A Small Light on Disney+ review: this story of bravery and perseverance is a hammer-wallop round the head

Anne Frank’s diary has become one of the world’s most famous symbols of defiance and hope. But its astonishing story has been historically hard to dramatise: the Franks’ artful elusion of the Nazis meant they were confined to the attic where they were hiding for two years, connected to the outside world only by the brave Dutch citizens who would bring them news and food (and a little radio).

National Geographic has found a way around this in their new eight-part series, A Small Light, by focusing on Miep Gies, one of the people who played an integral role in hiding Anne and her family.

Gies, played brilliantly by Bel Powley, is a dynamic, confident, quirky and stubborn young woman, and is struggling to get a job. That is until businessman Otto Frank looks kindly upon her and hires her as his secretary. But as life becomes more difficult for Jewish residents, and the Nazis’ ever more humiliating and threatening decrees take hold, the Franks, along with their friends the Van Pels and Fritz Pfeffer, a local dentist, are forced into hiding with Gies’s help, and she becomes essential to their survival. The series follows her courageous activities over the course of the war, alongside her lovable husband Jan (played by a barely recognisable Joe Cole).

Ashley Brooke as Margot Frank, Billie Boullet as Anne Frank, Bel Powley as Miep Gies, and Rudi Goodman as Peter van Pels in A Small Light (National Geographic for Disney/Dusan Martincek)

By following Gies, the series can give a much more comprehensive look at life in Amsterdam under the Nazis. While A Small Light paints a clear and nuanced picture of the Franks as a family – the dignified and burdened Otto (played superbly by Liev Schreiber), thoughtful and distant Edith (Amira Casar), studious Margot (Ashley Brooke) and gifted and fearless Anne (Billie Boullet) – it also weaves in stories about Dutch resistance activities, evacuations and bombings. It touches on the role of the Jewish council (who worked with the Nazi regime to facilitate the Jewish deportations), and shows some of the casual, and less casual, anti-Semitism espoused by some Dutch citizens, as well as the difficulties of navigating rationing, deportations, and other Jewish families’ attempts to escape.

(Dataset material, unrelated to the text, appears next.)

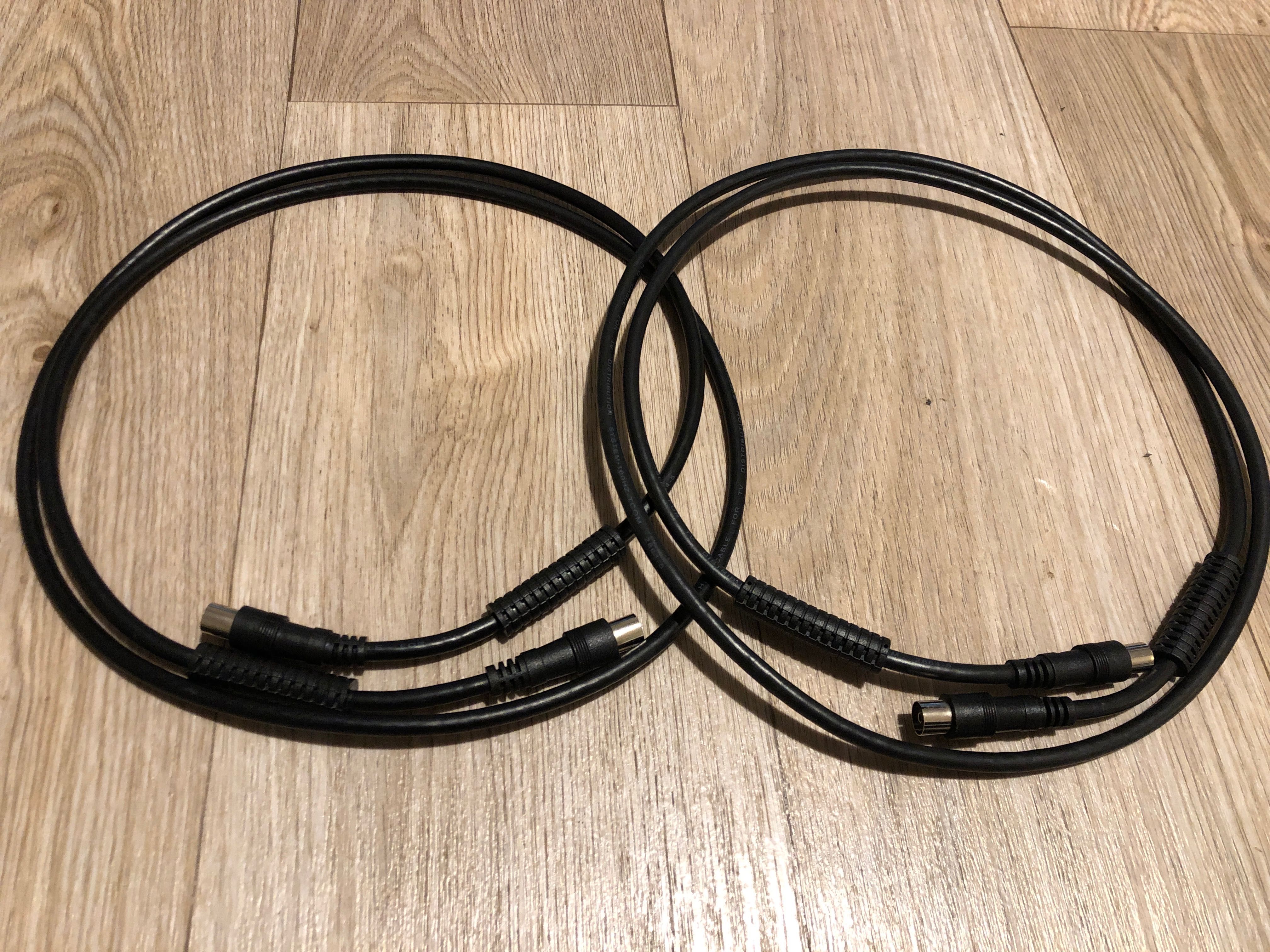 Kompletny kabel antenowy do TV z wtykami 150 cm - 2 sztuki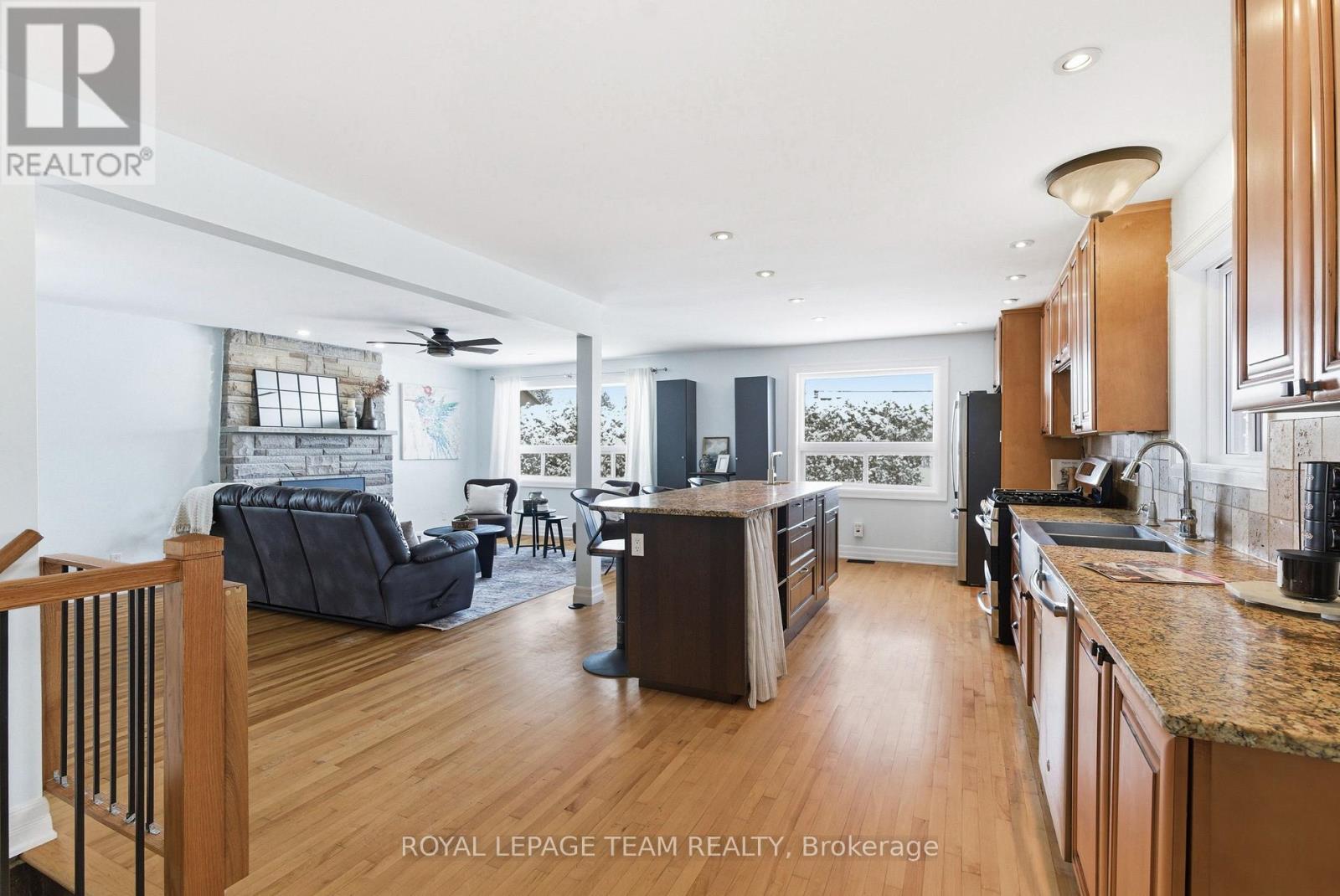 3246 Elizabeth Street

The series could definitely be grittier – both aesthetically (everyone looks remarkably fresh throughout) and emotionally (some of the harder truths about life in the attic, and the brutality that Jewish citizens experienced, are either left out or only lightly touched on) – but it’s forgivable because it means the series will likely be watched by a wider audience. Plus, hats off to the design team for their faithful recreation of Forties Amsterdam, right down to the sense of fear: as Gies’ many daring activities (such as hiding other Jewish citizens at her house and going to the Nazi headquarters to try and buy back the Franks’ freedom) put her life in jeopardy, the terror is palpable.

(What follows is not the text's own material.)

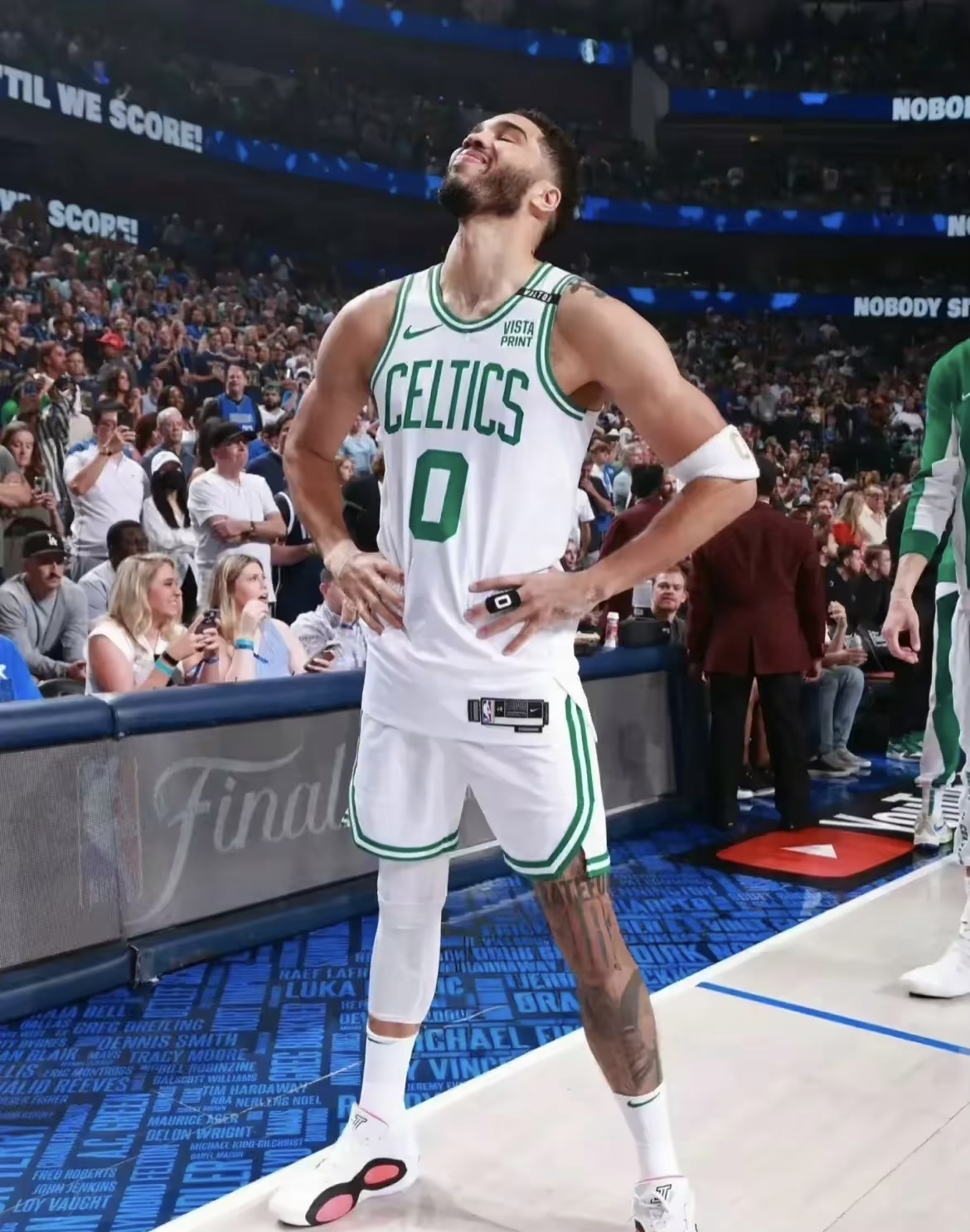 关于社区盾倒计时，明尼苏达森林狼转会期再遭质疑，细节引发关注，管理层满意，团队化学反应显著的信息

Joe Cole as Jan Gies in A Small Light (National Geographic for Disney/Dusan Martincek)

Of course, we know the tragic denouement of the story. Yet A Small Light is devastating, without ever verging on mawkish – it feeds us the hope that the tenants of the attic will somehow survive, and moves from being funny to gripping, frightening to upsetting, and from breezy to thought-provoking with ease – a rollercoaster of emotions which feels as though it may reflect how it might have felt to live in Amsterdam at the time.

In the end, its story of bravery and perseverance is a hammer-wallop round the head. A Small Light’s horrendous conclusion leaves a lasting impression, as it does every time you are reminded of it: the residents of the annex were still in hiding when the Allies landed in Normandy, and the Franks were sent on the very last train from the Netherlands to Auschwitz on September 3, 1944. Anne died in February or March 1945 in Bergen-Belsen, likely from typhus, just over a month before the camp was liberated by the British. Margot had died a couple of days earlier. This however in no way diminishes Gies’ efforts – it’s a pleasure to watch this series about her astonishing bravery.